*** Opening Records provided ***

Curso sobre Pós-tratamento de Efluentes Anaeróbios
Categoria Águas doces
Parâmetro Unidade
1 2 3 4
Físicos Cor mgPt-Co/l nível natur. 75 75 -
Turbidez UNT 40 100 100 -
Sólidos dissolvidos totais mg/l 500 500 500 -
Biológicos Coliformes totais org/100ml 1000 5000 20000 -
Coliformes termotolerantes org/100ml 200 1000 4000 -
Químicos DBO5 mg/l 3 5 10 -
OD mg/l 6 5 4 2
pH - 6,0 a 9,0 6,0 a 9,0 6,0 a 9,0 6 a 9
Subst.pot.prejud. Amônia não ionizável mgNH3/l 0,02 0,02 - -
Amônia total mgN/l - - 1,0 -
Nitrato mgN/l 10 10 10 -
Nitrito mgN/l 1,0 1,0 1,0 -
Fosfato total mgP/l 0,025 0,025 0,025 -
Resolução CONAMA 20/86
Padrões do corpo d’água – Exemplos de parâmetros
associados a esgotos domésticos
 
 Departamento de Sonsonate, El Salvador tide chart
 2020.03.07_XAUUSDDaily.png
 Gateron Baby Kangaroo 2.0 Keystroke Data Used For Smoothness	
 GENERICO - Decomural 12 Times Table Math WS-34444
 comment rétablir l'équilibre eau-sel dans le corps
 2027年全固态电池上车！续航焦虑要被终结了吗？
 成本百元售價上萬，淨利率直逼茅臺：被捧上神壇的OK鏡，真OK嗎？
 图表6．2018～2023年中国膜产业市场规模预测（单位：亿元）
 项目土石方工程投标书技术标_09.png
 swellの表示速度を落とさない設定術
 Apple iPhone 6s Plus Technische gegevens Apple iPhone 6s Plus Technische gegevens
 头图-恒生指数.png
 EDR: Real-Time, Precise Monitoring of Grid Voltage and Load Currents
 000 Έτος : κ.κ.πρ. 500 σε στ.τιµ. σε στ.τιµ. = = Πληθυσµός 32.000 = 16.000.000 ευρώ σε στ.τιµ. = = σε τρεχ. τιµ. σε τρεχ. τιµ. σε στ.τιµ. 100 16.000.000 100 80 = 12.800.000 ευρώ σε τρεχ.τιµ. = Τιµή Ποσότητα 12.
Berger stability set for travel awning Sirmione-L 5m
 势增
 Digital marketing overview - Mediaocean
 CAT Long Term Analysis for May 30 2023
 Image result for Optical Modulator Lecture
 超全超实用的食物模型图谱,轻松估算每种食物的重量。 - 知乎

*** Closing Records provided ***

What the task asks. What you give back should be the lines from the one with "Image result for Optical Modulator Lecture" to the end of the data, copied exactly, both ends included.

Answer to this exercise.
 Image result for Optical Modulator Lecture
 超全超实用的食物模型图谱,轻松估算每种食物的重量。 - 知乎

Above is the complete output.